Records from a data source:
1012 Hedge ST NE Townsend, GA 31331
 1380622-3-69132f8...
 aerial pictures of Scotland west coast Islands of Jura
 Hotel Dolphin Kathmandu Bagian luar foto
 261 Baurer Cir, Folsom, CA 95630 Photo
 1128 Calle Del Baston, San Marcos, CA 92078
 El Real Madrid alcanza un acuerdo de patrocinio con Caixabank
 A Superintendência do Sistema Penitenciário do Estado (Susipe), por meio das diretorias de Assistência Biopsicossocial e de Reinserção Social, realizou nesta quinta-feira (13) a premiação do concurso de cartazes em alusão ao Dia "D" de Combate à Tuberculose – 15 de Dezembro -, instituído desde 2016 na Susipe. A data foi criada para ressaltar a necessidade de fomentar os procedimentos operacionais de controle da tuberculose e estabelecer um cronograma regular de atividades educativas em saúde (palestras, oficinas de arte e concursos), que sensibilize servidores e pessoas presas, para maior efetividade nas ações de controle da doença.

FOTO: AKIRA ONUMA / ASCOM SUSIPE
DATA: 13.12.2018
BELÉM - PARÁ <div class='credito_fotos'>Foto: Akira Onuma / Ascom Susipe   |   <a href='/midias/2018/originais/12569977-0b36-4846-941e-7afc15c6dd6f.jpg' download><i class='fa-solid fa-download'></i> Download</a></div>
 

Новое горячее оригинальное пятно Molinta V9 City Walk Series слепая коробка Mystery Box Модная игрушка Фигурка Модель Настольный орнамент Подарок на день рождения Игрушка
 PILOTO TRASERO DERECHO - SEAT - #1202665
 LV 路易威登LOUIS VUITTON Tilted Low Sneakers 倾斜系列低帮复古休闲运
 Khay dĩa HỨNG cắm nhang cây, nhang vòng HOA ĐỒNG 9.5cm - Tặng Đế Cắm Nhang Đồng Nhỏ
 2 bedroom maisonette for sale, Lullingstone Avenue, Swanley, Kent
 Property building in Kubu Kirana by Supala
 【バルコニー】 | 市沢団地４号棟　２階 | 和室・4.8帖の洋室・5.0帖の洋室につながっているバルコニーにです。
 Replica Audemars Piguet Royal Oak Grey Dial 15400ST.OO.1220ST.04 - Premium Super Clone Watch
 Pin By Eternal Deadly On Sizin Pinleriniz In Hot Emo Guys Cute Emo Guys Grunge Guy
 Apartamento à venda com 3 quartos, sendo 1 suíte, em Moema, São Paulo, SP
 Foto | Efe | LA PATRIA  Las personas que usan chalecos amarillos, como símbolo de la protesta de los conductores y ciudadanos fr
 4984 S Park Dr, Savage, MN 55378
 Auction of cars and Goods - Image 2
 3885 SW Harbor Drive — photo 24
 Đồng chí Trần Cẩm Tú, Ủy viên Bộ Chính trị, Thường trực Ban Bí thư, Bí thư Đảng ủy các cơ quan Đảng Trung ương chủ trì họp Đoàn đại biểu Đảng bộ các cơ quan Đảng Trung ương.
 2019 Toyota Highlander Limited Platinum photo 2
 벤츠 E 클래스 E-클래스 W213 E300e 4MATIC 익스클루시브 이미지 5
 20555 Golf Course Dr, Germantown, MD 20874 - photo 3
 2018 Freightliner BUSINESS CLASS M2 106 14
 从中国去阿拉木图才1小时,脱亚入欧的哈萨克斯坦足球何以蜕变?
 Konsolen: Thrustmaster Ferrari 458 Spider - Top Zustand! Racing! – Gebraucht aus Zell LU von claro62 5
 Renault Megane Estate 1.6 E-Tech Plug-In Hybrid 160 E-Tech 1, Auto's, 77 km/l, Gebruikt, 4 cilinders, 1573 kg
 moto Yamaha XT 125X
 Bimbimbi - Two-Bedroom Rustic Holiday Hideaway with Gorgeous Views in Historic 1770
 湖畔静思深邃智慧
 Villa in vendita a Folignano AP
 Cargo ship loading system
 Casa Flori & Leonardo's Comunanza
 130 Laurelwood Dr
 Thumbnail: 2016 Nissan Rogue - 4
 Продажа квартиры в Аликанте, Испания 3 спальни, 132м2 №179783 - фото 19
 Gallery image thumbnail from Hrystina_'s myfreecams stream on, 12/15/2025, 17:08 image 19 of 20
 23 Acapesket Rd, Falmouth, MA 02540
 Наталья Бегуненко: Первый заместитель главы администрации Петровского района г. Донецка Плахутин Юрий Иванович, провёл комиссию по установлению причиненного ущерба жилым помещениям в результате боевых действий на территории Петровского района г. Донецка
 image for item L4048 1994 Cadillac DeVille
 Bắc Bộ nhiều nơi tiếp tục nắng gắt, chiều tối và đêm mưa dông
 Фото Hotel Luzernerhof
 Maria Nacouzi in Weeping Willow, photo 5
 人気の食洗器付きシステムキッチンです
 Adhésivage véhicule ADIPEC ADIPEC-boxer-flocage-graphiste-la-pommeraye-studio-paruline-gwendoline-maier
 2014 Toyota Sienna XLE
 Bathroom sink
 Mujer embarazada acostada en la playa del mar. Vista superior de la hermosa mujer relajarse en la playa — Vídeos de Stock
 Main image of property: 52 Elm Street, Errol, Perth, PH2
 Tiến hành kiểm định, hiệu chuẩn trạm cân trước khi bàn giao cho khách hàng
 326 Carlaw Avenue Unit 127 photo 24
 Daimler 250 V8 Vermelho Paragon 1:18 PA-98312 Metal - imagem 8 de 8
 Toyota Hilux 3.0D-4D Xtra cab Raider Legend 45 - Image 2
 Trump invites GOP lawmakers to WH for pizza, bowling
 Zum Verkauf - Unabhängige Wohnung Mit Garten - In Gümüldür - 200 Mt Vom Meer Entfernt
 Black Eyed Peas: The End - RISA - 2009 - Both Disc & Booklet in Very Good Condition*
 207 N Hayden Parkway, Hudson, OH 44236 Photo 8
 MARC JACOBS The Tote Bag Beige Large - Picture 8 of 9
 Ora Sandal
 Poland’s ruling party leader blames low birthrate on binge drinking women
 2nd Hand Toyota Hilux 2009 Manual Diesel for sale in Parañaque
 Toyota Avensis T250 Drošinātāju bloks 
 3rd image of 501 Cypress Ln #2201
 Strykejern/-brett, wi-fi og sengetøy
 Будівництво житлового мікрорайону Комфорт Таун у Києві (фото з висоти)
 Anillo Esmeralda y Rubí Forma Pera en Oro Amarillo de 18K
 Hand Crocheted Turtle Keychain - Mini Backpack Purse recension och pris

TO DO – Above are some lines. Repeat exactly, and only, those from the line that has "从中国去阿拉木图才1小时,脱亚入欧的哈萨克斯坦足球何以蜕变?" through the line that has "moto Yamaha XT 125X".

FINISHED TASK –
 从中国去阿拉木图才1小时,脱亚入欧的哈萨克斯坦足球何以蜕变?
 Konsolen: Thrustmaster Ferrari 458 Spider - Top Zustand! Racing! – Gebraucht aus Zell LU von claro62 5
 Renault Megane Estate 1.6 E-Tech Plug-In Hybrid 160 E-Tech 1, Auto's, 77 km/l, Gebruikt, 4 cilinders, 1573 kg
 moto Yamaha XT 125X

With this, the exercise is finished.